A bipartisan deal on expanding background checks to more firearms purchases has been reached between two senators, according to a Senate aide and lobbyist.
The Associated Press reported that Democratic Sen. Joe Manchin of West Virginia and Republican Sen. Pat Toomey would announce their agreement on Wednesday and speculated that it could draw support for President Barack Obama's push to alleviate gun violence.
According to one NBC News report, the two senators reached a compromise agreement in principle that would draw support from Republicans, on Tuesday evening. They spent the night working out the final details.
The agreement is expected to apply to all commercial sales, such as at gun shows and on the Internet. Private deals that are not for profit, such as those between relatives, are expected to be exempt. The current system only covers sales through licensed gun dealers.
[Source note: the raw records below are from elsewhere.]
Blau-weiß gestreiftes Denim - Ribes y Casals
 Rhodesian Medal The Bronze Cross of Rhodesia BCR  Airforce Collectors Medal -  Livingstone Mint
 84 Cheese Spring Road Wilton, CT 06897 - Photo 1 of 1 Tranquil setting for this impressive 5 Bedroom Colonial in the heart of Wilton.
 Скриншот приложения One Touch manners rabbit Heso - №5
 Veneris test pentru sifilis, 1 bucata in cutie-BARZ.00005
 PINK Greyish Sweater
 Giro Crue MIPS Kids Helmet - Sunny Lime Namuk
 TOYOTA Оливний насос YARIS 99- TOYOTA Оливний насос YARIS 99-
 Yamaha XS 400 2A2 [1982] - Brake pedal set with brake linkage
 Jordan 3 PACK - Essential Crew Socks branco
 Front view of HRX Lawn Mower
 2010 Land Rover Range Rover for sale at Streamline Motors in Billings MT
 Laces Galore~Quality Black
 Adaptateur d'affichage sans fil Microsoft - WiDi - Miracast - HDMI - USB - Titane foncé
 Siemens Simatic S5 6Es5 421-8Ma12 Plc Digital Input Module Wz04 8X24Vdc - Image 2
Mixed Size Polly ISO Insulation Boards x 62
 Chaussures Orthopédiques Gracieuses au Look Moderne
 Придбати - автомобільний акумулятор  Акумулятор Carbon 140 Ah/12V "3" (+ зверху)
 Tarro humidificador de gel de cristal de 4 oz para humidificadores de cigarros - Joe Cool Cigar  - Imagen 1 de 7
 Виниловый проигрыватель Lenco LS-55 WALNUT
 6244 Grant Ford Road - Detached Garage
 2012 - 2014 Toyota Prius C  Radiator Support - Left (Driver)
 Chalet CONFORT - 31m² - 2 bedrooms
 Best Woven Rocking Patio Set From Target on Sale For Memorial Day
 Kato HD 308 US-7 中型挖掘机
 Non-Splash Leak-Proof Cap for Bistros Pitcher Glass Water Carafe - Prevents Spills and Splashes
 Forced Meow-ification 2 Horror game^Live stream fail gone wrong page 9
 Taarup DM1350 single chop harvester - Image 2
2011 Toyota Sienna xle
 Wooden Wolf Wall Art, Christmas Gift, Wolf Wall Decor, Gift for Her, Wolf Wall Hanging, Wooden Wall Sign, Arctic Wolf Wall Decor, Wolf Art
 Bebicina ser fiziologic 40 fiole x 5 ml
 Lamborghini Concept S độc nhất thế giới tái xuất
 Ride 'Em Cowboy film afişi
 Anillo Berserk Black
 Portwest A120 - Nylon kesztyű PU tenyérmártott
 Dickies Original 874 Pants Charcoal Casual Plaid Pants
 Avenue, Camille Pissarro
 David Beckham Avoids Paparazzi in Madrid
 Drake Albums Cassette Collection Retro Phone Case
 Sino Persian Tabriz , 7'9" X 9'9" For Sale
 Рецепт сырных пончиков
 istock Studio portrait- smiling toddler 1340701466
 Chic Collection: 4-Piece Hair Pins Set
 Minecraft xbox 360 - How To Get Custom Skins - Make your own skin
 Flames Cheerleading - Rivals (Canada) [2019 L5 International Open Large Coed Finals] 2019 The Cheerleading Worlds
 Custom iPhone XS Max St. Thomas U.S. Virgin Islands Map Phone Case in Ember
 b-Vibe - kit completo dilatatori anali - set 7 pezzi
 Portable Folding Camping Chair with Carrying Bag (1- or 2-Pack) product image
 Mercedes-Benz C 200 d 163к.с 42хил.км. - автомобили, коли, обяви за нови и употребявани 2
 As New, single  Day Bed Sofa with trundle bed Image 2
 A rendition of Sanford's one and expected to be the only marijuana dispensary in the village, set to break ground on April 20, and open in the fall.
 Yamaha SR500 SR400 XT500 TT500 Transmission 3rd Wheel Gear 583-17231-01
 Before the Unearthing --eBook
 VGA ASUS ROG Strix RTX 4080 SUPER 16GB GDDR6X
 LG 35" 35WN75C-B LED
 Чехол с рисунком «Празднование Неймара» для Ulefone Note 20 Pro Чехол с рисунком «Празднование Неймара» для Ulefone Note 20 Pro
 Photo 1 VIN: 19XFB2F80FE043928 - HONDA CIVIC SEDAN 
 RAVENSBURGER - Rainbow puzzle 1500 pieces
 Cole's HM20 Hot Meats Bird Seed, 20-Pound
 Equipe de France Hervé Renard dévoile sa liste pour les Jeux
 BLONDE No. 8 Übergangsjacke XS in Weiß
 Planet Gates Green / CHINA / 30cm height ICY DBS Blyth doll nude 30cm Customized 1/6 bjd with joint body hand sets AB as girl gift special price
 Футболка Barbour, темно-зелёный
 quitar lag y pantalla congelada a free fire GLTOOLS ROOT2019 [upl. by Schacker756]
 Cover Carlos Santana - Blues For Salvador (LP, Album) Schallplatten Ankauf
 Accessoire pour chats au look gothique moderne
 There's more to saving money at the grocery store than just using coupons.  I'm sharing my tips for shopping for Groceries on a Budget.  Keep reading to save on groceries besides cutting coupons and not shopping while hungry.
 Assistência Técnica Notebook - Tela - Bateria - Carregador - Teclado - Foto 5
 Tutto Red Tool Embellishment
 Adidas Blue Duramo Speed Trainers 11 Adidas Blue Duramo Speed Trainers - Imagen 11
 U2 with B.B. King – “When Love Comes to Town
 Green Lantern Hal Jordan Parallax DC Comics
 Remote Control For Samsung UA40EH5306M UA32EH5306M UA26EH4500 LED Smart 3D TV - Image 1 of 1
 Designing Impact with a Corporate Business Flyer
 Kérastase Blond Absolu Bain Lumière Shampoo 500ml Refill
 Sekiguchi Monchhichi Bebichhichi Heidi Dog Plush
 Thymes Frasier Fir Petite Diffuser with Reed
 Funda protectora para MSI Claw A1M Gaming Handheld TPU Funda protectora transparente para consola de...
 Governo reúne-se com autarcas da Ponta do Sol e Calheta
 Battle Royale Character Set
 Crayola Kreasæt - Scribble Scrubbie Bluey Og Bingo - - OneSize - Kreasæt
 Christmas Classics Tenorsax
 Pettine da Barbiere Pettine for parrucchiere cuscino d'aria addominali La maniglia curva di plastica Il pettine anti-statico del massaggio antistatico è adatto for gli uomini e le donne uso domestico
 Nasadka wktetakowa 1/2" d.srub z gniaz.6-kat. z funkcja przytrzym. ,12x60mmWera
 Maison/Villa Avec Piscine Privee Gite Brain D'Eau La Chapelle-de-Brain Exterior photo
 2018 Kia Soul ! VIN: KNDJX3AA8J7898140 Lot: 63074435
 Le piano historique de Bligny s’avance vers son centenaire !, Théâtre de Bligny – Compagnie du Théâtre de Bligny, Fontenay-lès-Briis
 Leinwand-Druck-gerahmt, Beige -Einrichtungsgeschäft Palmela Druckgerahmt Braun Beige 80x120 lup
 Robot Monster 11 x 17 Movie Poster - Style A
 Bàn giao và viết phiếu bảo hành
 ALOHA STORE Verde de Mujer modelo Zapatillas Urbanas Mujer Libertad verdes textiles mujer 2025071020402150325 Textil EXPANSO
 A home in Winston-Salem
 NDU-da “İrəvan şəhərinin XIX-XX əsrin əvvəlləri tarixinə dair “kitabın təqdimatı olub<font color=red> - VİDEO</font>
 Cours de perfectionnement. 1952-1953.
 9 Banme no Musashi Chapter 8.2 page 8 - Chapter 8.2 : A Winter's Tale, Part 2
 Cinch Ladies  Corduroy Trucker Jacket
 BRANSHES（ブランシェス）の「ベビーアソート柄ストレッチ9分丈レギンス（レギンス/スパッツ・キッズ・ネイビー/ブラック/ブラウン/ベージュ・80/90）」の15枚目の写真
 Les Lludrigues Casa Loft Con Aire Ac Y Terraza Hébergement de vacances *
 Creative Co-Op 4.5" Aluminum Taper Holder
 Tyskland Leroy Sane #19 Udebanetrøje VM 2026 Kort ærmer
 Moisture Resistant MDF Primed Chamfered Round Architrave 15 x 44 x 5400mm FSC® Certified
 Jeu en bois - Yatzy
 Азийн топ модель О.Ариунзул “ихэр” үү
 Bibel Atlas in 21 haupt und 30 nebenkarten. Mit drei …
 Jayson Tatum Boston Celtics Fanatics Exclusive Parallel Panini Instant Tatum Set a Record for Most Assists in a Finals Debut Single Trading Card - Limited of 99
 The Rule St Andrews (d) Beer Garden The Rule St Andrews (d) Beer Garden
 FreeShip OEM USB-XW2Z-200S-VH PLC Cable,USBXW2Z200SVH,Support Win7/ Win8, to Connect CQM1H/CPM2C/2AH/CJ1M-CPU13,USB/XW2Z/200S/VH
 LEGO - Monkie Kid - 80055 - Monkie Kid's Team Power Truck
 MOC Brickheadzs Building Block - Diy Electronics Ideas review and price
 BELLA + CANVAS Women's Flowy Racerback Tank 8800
Although the National Rifle Association is unlikely to support the deal, the agreement is said to represent a major breakthrough for a set of new gun laws that President Obama proposed after the Sandy Hook Elementary School shootings last December.
Outspoken advocate for gun safety Mark Kelly, who is also the husband of former Representative Gabrielle "Gabby" Giffords, recently noted that background checks are necessary to prevent future massacres from happening. He also threw his support behind the NRA's push to include mental health records in its system.
"I think any bill that does not include a universal background check is a mistake. It's the most common sense thing we can do to prevent criminals and the mentally ill from having access to weapons," Kelly told "Fox News Sunday."
In March, some 4,000 clergy members across the U.S. joined with colleagues in Newtown, Conn., in signing a letter lobbying the U.S. Senate Judiciary Committee to enact greater gun control measures, especially for a ban on assault weapons.
"The moral mandate to protect the weak in our care is clear and present in all of our faith traditions. Our varied faith traditions teach us to seek the peace of the city, to love our neighbor, and to cherish human dignity," said the letter.
"After the news crews and cameras leave, after the rest of the nation turns away and resumes their normal routines, it is we who are asked to answer why this happened; to bind up the brokenhearted; and to explain why nothing in Newtown or our many communities will ever be the same again," the clergy further noted in the letter.
They also pointed out that they believe the issue of gun violence in America is a spiritual one, and a change in gun laws would hopefully "spark off a spiritual awakening in America that will transform us into a culture of compassion, reconciliation and civility."
Nearly 90 percent of Americans currently support the idea of having universal background checks for gun purchasers.